La communauté Barfleuraise, constituée de bourgeois,
commerçants, artisans et pêcheurs rassemblait
9000 habitants vivant d'un important commerce avec le royaume
d'outre-manche. Depuis l'envahissement de l'Angleterre par
Guillaume le Conquérant, la Neustrie (la Normandie)
et l'Angleterre étaient royalement liées. Le
grand port de Barfleur était le lieu de passage de
somptueux cortèges anglos-normands. C'est le
naufrage de la Blanche Nef qui jetta le doute sur la sécurité
du port. Les tiraillements entre les rois anglais et français,
la découverte de St Vaast la Hougue comme nouveau lieu
d'accostage et la destruction complète des fortifications
en 1597 sonnèrent le glas de l'oppulente cité.

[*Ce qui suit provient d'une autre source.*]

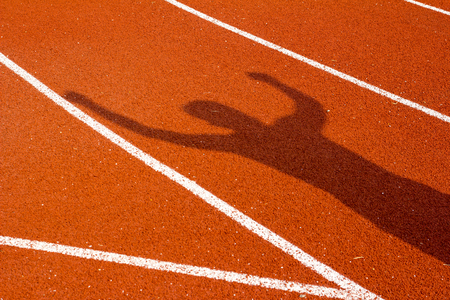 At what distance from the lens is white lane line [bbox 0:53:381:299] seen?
3520 mm

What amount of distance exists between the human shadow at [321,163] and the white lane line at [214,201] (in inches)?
7.4

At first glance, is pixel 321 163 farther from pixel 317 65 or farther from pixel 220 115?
pixel 317 65

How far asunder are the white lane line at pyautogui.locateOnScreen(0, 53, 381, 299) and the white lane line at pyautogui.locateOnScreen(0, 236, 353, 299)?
135mm

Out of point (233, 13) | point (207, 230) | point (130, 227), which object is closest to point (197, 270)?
point (207, 230)

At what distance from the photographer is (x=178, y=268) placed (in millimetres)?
3541

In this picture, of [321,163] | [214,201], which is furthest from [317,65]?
[214,201]

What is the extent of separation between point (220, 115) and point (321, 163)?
140 centimetres

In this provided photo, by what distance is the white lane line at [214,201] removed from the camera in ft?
11.5

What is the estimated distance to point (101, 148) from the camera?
4504 millimetres

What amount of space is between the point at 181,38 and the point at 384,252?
4280 millimetres

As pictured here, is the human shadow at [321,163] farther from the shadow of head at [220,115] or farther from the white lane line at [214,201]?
the white lane line at [214,201]

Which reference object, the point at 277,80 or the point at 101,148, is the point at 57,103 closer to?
the point at 101,148

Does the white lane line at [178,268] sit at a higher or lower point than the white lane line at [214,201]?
lower

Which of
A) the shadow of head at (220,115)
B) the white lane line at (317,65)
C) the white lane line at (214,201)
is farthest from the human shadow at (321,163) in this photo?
the white lane line at (317,65) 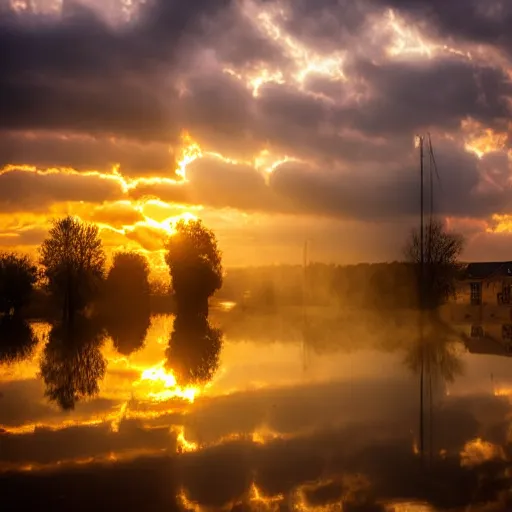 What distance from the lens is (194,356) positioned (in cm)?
3375

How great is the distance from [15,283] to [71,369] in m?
63.5

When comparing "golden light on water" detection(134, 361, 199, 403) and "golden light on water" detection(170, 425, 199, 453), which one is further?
"golden light on water" detection(134, 361, 199, 403)

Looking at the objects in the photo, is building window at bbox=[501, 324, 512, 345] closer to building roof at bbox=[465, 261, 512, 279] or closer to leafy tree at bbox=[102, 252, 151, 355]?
building roof at bbox=[465, 261, 512, 279]

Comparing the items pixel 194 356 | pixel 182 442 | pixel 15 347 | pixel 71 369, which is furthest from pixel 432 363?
pixel 15 347

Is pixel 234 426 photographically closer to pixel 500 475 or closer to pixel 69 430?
pixel 69 430

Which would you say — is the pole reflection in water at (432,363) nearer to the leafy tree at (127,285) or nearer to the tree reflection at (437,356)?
the tree reflection at (437,356)

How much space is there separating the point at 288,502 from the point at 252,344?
30476mm

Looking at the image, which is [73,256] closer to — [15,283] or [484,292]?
[15,283]

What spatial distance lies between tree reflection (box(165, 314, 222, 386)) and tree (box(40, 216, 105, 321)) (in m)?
47.9

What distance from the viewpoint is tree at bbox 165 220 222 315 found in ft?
292

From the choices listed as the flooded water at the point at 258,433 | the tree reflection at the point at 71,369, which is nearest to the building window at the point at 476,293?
the tree reflection at the point at 71,369

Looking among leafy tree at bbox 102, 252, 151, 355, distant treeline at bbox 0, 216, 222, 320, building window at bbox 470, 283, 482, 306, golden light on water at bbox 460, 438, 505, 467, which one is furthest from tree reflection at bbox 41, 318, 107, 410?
leafy tree at bbox 102, 252, 151, 355

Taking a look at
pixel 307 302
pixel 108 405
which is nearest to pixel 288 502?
pixel 108 405

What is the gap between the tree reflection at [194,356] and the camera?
2625 cm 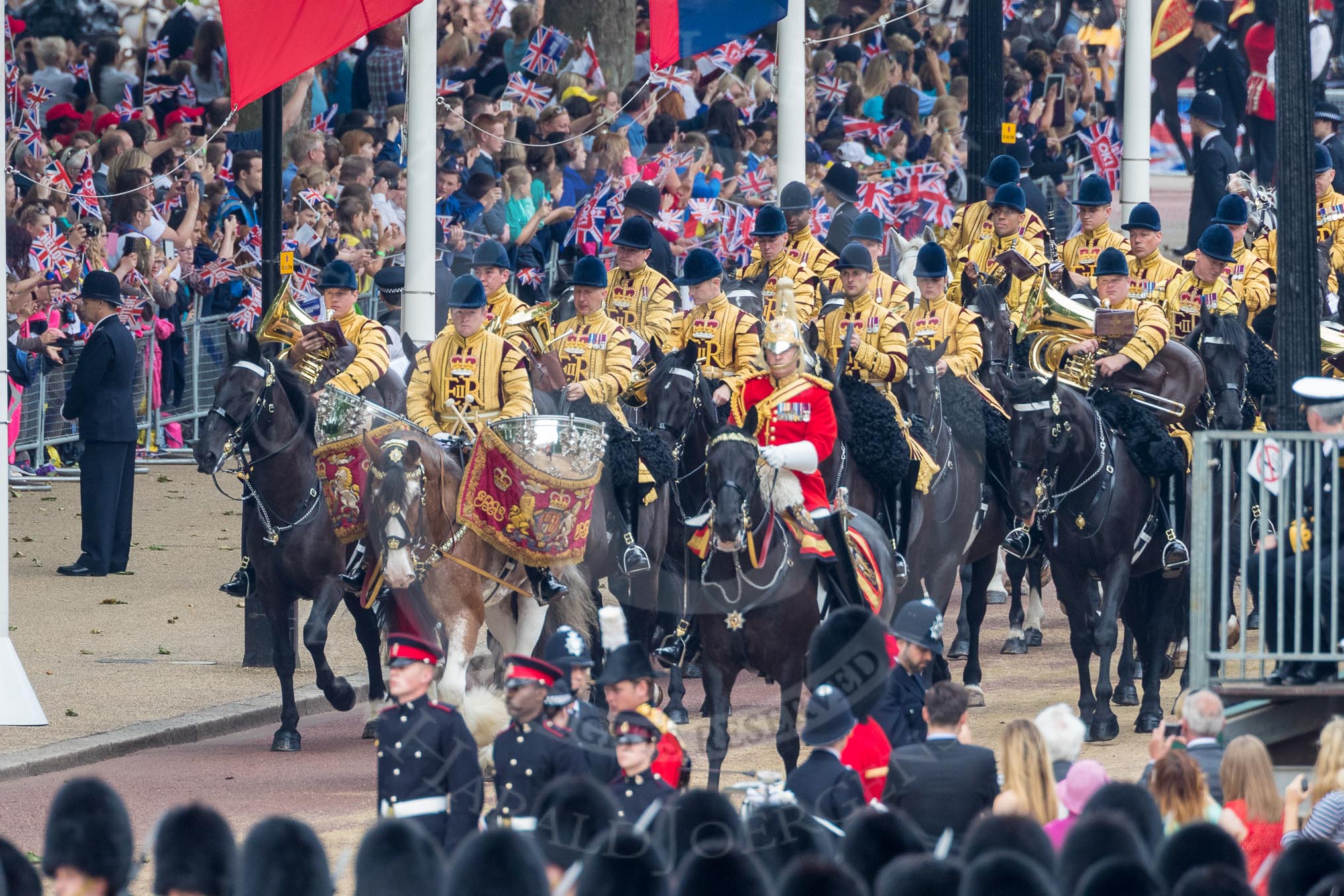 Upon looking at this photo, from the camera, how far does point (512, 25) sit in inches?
1091

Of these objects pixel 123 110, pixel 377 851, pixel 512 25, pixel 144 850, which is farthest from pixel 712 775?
pixel 512 25

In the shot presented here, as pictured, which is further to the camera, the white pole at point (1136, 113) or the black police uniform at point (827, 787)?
the white pole at point (1136, 113)

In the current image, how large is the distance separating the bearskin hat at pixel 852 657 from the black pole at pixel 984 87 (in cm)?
901

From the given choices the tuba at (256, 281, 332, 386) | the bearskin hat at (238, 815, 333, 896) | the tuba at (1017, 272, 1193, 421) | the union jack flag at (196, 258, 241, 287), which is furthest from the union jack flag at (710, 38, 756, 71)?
the bearskin hat at (238, 815, 333, 896)

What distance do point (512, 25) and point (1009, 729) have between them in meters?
19.2

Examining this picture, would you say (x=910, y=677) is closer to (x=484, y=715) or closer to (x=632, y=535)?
(x=484, y=715)

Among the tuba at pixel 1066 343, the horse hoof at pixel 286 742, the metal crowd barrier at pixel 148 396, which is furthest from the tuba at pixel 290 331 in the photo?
the metal crowd barrier at pixel 148 396

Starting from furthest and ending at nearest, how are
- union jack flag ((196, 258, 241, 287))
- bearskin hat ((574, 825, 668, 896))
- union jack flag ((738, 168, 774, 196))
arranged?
1. union jack flag ((738, 168, 774, 196))
2. union jack flag ((196, 258, 241, 287))
3. bearskin hat ((574, 825, 668, 896))

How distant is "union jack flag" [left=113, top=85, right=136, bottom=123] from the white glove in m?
12.7

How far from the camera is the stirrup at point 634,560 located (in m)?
16.0

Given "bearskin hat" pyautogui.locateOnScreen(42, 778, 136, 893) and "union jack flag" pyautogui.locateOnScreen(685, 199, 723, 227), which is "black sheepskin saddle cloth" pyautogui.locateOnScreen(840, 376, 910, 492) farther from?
"bearskin hat" pyautogui.locateOnScreen(42, 778, 136, 893)

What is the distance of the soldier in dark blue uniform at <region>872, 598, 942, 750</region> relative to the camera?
11867 millimetres

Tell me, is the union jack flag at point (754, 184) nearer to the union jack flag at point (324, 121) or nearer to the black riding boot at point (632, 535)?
the union jack flag at point (324, 121)

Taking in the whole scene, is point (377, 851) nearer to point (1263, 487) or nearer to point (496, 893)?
point (496, 893) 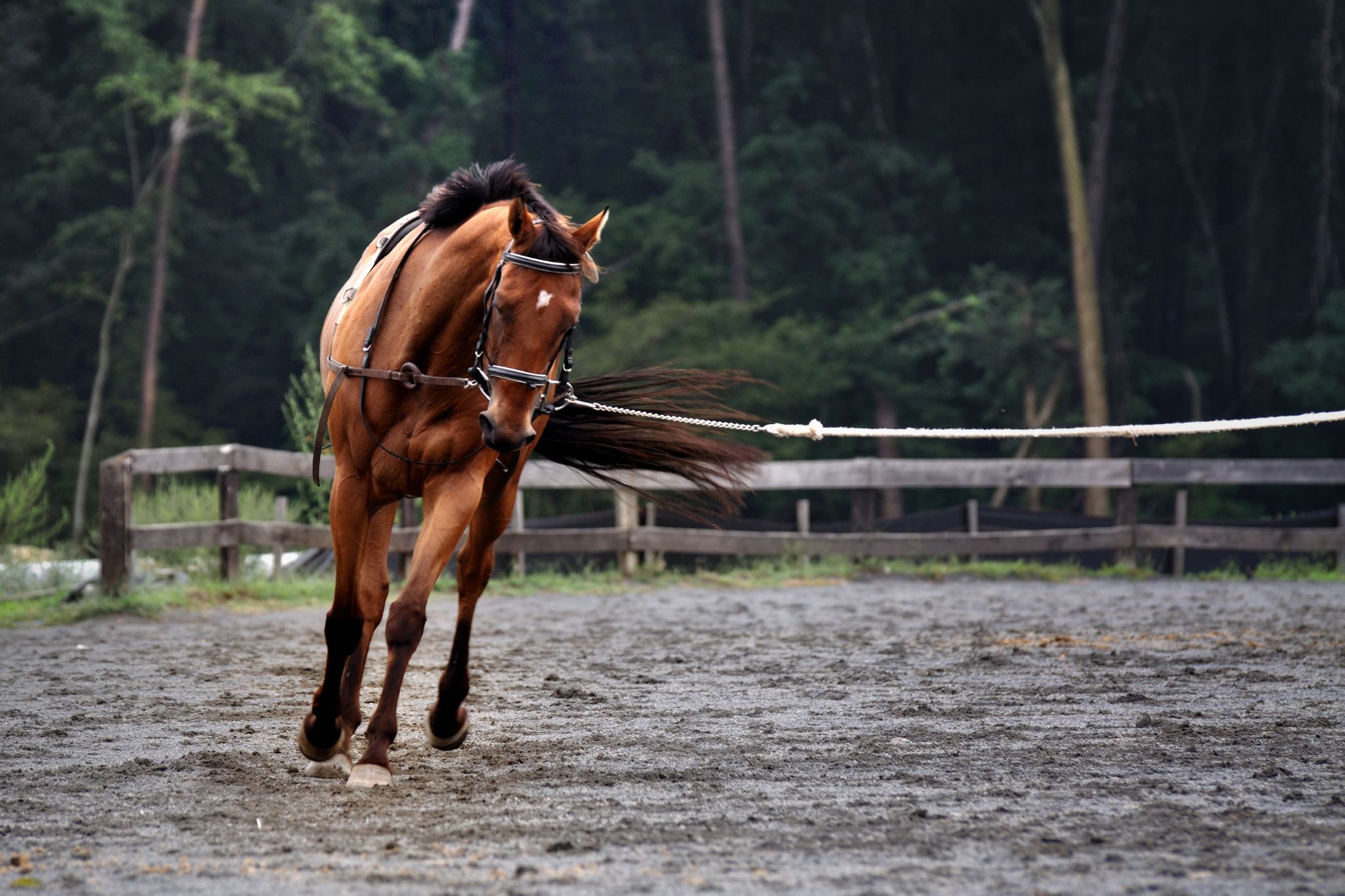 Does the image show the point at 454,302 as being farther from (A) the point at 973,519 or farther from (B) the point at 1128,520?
(B) the point at 1128,520

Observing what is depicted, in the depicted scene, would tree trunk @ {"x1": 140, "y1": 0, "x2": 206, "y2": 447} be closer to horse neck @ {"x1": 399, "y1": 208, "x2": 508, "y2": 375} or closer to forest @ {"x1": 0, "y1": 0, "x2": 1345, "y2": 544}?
forest @ {"x1": 0, "y1": 0, "x2": 1345, "y2": 544}

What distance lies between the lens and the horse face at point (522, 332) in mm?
4348

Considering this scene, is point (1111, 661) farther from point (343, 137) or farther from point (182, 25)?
point (343, 137)

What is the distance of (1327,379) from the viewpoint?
25.3 meters

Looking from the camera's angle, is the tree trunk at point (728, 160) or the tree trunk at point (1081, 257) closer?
the tree trunk at point (1081, 257)

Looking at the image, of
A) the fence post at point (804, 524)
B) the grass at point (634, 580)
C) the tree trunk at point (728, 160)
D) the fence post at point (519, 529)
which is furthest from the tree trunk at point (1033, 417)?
the fence post at point (519, 529)

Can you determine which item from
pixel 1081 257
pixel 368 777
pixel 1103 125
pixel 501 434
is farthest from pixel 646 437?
pixel 1103 125

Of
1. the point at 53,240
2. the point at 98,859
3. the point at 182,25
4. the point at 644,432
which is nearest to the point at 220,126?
the point at 182,25

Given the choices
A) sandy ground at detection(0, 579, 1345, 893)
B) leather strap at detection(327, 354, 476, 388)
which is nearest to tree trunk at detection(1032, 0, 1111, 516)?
sandy ground at detection(0, 579, 1345, 893)

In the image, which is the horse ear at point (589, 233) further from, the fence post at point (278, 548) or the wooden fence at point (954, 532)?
the fence post at point (278, 548)

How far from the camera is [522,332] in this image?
4.42 metres

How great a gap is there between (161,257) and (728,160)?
11.1 m

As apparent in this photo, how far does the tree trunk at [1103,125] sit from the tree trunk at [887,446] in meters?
4.63

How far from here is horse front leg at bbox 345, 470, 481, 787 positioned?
4.61 metres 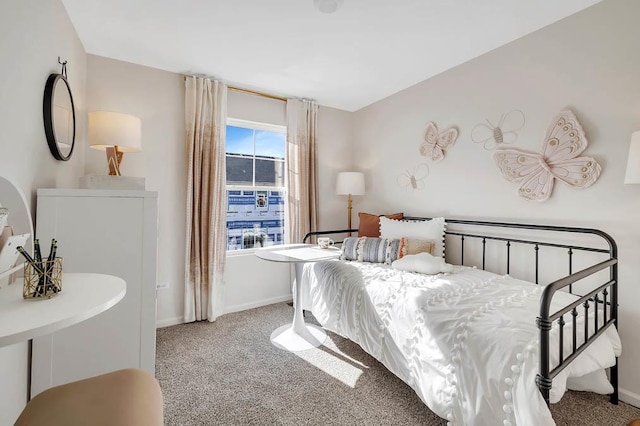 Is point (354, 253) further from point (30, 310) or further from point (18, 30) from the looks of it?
point (18, 30)

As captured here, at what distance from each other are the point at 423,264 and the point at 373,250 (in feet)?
1.69

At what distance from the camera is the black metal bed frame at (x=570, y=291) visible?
3.47ft

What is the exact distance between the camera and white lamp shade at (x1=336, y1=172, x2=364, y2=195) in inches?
135

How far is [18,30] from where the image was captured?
4.04 feet

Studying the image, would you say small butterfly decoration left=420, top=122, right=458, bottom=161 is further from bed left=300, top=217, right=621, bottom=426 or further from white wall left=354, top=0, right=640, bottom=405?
bed left=300, top=217, right=621, bottom=426

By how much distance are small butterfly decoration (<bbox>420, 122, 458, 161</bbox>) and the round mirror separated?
2.84m

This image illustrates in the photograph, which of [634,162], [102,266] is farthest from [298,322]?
[634,162]

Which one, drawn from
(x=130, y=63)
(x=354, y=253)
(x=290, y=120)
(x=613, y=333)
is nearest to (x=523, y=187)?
(x=613, y=333)

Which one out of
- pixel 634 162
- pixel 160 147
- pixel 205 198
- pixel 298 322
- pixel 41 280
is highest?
pixel 160 147

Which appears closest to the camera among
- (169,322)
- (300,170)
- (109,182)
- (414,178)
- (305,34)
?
(109,182)

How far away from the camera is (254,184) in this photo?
11.0ft

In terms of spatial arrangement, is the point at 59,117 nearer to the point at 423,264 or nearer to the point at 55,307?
the point at 55,307

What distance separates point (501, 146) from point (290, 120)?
2162 millimetres

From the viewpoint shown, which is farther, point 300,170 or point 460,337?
point 300,170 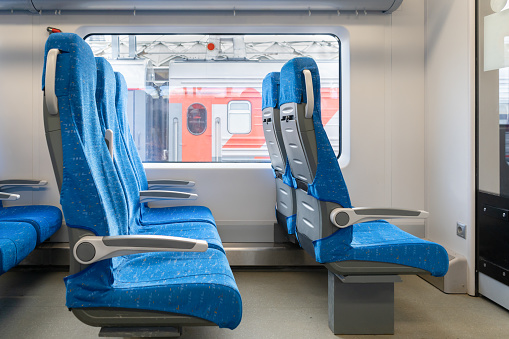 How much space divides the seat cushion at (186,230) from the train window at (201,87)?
4.85 feet

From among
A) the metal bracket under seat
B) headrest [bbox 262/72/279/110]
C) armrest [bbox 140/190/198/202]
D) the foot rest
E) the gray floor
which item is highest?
headrest [bbox 262/72/279/110]

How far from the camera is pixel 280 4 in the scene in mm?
3863

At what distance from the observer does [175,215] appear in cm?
347

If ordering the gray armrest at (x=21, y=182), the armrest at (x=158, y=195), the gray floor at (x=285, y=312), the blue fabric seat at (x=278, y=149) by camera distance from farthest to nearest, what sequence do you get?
the gray armrest at (x=21, y=182), the armrest at (x=158, y=195), the blue fabric seat at (x=278, y=149), the gray floor at (x=285, y=312)

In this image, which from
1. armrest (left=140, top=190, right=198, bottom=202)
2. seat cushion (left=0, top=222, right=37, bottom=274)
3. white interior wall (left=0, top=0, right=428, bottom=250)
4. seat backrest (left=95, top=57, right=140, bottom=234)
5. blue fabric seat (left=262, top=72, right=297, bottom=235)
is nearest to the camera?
seat cushion (left=0, top=222, right=37, bottom=274)

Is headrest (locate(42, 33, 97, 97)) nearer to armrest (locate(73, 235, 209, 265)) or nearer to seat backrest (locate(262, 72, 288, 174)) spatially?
armrest (locate(73, 235, 209, 265))

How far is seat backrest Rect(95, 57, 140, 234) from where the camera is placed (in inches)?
96.3

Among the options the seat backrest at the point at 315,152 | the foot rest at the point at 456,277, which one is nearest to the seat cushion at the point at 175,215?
the seat backrest at the point at 315,152

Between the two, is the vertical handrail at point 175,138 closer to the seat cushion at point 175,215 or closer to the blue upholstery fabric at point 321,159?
the seat cushion at point 175,215

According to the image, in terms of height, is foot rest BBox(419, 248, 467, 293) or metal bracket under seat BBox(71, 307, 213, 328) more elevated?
metal bracket under seat BBox(71, 307, 213, 328)

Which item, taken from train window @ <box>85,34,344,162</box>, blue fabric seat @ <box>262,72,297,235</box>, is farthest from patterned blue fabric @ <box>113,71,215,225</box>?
train window @ <box>85,34,344,162</box>

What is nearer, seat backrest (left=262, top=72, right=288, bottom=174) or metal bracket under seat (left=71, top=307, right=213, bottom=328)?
metal bracket under seat (left=71, top=307, right=213, bottom=328)

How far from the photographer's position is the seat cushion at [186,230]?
2.63 meters

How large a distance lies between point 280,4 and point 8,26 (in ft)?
7.79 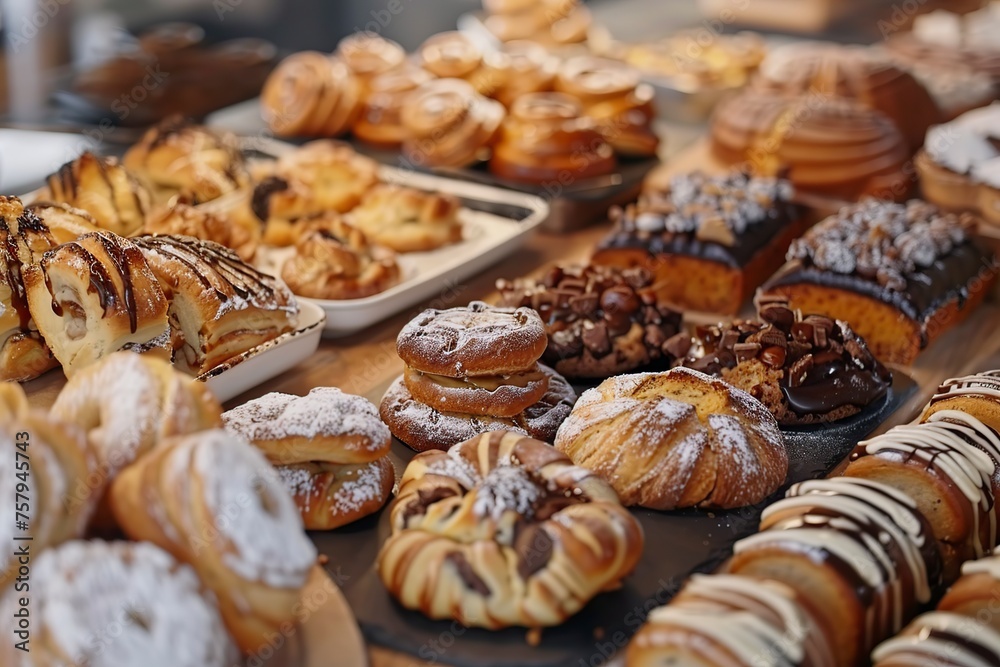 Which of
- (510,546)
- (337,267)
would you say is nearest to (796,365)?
(510,546)

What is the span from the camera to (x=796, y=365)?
2896mm

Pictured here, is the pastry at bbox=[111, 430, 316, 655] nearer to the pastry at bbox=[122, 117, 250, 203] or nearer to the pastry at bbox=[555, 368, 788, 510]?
the pastry at bbox=[555, 368, 788, 510]

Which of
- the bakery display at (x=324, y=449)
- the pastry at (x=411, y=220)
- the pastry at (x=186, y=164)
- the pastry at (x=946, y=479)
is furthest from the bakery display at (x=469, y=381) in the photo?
the pastry at (x=186, y=164)

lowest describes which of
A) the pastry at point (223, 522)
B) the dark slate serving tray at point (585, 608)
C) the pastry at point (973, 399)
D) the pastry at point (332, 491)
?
the dark slate serving tray at point (585, 608)

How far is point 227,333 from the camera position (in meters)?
2.89

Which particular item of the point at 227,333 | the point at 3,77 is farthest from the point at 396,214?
the point at 3,77

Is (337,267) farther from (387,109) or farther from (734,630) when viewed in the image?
(734,630)

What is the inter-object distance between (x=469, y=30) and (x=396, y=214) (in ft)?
8.45

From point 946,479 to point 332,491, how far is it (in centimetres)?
136

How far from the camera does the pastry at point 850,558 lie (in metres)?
1.97

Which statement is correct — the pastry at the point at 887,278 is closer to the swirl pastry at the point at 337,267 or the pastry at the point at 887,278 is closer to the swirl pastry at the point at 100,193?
the swirl pastry at the point at 337,267

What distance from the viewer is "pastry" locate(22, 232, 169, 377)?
251cm

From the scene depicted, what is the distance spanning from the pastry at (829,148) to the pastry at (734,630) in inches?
102

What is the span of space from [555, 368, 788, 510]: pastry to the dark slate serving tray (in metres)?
0.05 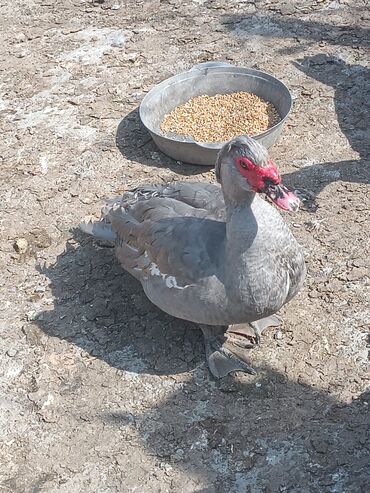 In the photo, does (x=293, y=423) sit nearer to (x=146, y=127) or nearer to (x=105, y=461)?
(x=105, y=461)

Derrière l'église, en contournant
l'anse, un colombier est le vestige d'une ancienne demeure
seigneriale. Derrière le fond de port, la cour sainte
Catherine est l'une des curiosités de Barfleur. Après
être passé sous son porche, on découvre
une minuscule cour, entourée de maisons des XIVe et
XVe siècles. Cette cour, miraculeusement préservée
par le temps, reste le précieux vestige de la cité
Barfleuraise médiévale.
L'église de Barfleur, autrefois au centre
de la cité médiévale, voit son cimetière
marin ballayé par les embrums. Lors de la démolition
du château en 1597, certaines pierres furent réutilisées
à la reconstruction d'une partie de l'ancien lieu de
culte en ruine. Les vestiges d'un mur de soutainement du fossé
de l'ancien rempart lui servirait d'assise. L'église
de Barfleur est ornée de magnifiques statues de Piéta
en bois du XVIe siècle. On y trouve les reliques de
saint Juste, saint Illuminé et de sainte Marie Madeleine
Postel. De nombreux ex-votos témoignent des vies épargnées
mais aussi de celles prisent par la mer.